Well it helps that the ranch was founded in the 1870's when a man could grab chunks of land like that, not like now a days


----------



## Vol (Jul 5, 2009)

Thorim said:


> Well it helps that the ranch was founded in the 1870's when a man could grab chunks of land like that, not like now a days


That may be true, but more incredible to me is that the family has held on to it! Can you imagine some of the crisis they have had to weather in order to continue.....pure grit and determination.....something in dang short supply in this country anymore.

It seems like many males in this country want to stay in close reach of their so called "feminine side"....I don't know why we just can't be what we (heterosexuals) were created to be without getting wound up in all this politically correct bs.

Regards, Mike


----------



## Tim/South (Dec 12, 2011)

Vol said:


> It seems like the males in this country want to stay in close reach of their so called "feminine side"....
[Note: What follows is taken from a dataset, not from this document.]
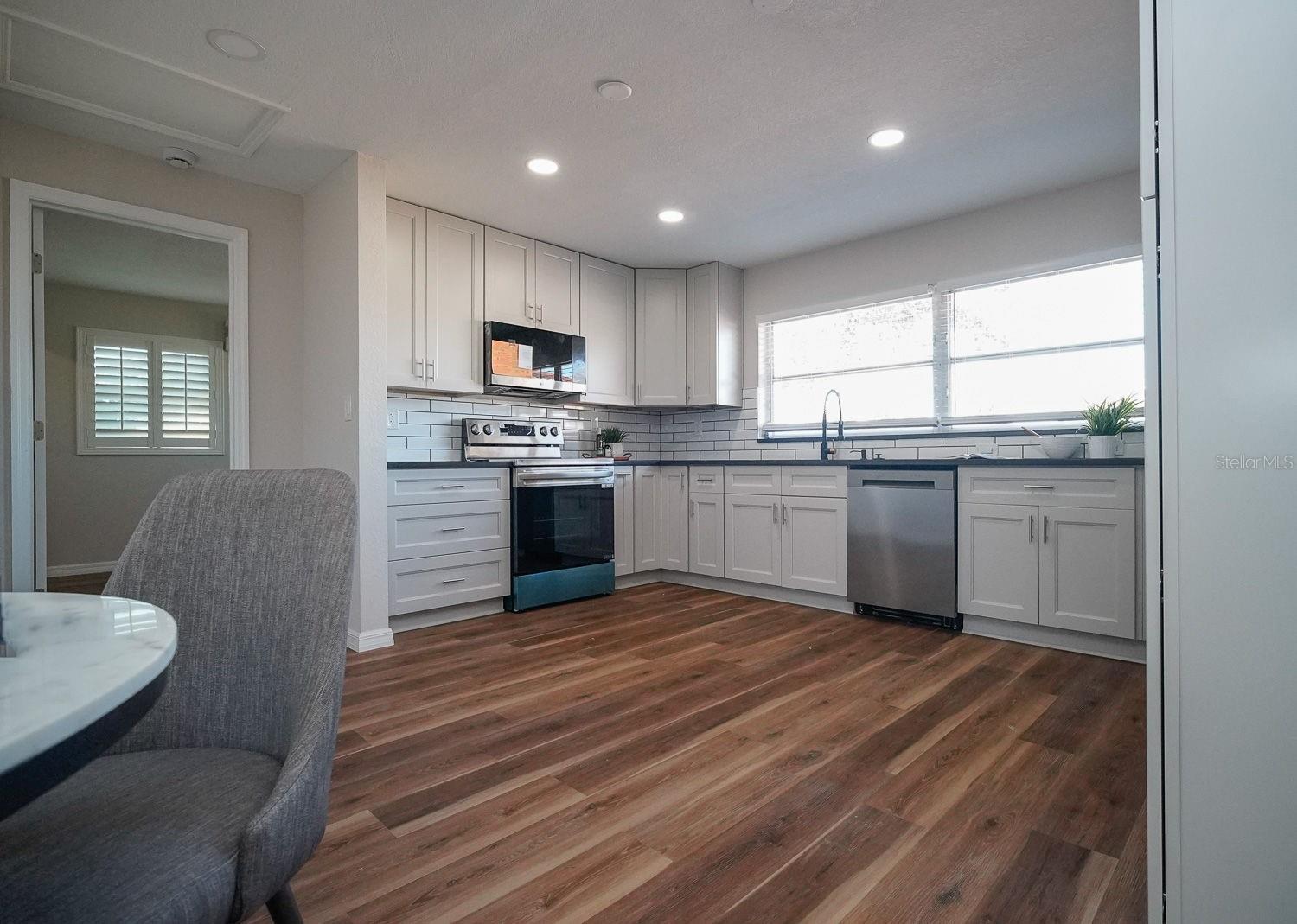 110 92ND AVE NE, ST PETERSBURG, FL, 33702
My feminine side is my wife. I have mellowed over the years and I did pick up some extra manners from her. She wants to be the lady and wants me to be the man. Works for us.


----------



## sethd11 (Jan 1, 2012)

panhandle9400 said:


> I neighbor a 100 plus section ranch here , I think they are down to 500 some momma cows ? This ranch has only 3 fulltime cowboys, they will hire some day workers when branding an shipping , it is managed quite well . It has been very tough for those who have weathered several years of extreme drought , most would not have a clue about being dry . When you have had less than 4 inches for a year I will say you do . There has been a big area across parts of west Texas east NM , west Oklahoma , se Colorado an sw Kansas that has been damn rough . I must say I had planned on starting to lay down alfalfa May 1st and it has been enough rain so far that we have not got shit done, my 1st cutting consist of over 1300 acres and not a acre has been swathed as of yet, damn mud bahahahaha. 1 extreme to the other . I am happy not to have dust in my eyes though. God will see to us all , sometimes we have to wait in line a little longer than others .


Panhandle, I love that last sentence because that is the truth.


----------



## Thorim (Jan 19, 2015)

Vol said:


> That may be true, but more incredible to me is that the family has held on to it! Can you imagine some of the crisis they have had to weather in order to continue.....pure grit and determination.....something in dang short supply in this country anymore.
> 
> It seems like many males in this country want to stay in close reach of their so called "feminine side"....I don't know why we just can't be what we (heterosexuals) were created to be without getting wound up in all this politically correct bs.
> 
> Regards, Mike


You are preaching to the choir my friend Can I have a HALLELUJAH


----------